Records provided START

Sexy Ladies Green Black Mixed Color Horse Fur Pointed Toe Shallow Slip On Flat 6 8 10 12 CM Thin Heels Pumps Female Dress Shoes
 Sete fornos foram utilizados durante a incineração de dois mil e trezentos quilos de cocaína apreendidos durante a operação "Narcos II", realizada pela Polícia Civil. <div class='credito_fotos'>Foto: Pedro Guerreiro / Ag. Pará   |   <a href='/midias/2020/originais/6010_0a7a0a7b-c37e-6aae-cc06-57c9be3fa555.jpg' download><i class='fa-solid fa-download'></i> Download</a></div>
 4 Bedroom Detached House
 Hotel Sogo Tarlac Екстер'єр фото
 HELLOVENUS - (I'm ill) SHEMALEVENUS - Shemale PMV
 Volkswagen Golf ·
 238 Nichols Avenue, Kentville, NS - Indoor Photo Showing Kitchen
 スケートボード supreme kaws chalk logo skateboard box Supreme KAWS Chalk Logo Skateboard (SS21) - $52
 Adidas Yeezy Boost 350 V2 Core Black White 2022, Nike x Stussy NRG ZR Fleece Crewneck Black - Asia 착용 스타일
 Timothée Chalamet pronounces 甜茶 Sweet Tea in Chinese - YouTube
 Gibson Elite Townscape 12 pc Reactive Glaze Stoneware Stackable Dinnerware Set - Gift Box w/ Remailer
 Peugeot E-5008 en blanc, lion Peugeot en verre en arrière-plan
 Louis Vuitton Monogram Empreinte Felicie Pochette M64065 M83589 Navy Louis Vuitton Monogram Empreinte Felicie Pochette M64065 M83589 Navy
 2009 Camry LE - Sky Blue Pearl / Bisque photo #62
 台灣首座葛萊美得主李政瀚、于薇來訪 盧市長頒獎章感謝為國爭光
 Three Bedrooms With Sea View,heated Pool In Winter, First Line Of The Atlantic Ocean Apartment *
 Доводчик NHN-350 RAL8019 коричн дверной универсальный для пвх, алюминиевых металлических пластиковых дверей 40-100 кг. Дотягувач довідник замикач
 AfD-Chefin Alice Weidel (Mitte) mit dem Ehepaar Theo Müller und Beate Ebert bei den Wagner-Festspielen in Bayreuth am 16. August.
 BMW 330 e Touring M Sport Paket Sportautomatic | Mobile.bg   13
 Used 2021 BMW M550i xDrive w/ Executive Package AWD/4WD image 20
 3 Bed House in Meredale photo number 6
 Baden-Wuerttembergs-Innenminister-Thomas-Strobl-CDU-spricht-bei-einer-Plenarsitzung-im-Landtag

Records provided END

■ Exercise directions ■
What is wanted is every line from the first line of the entries through the line that contains "Hotel Sogo Tarlac Екстер'єр фото", given again exactly.

■ Solution to this problem ■
Sexy Ladies Green Black Mixed Color Horse Fur Pointed Toe Shallow Slip On Flat 6 8 10 12 CM Thin Heels Pumps Female Dress Shoes
 Sete fornos foram utilizados durante a incineração de dois mil e trezentos quilos de cocaína apreendidos durante a operação "Narcos II", realizada pela Polícia Civil. <div class='credito_fotos'>Foto: Pedro Guerreiro / Ag. Pará   |   <a href='/midias/2020/originais/6010_0a7a0a7b-c37e-6aae-cc06-57c9be3fa555.jpg' download><i class='fa-solid fa-download'></i> Download</a></div>
 4 Bedroom Detached House
 Hotel Sogo Tarlac Екстер'єр фото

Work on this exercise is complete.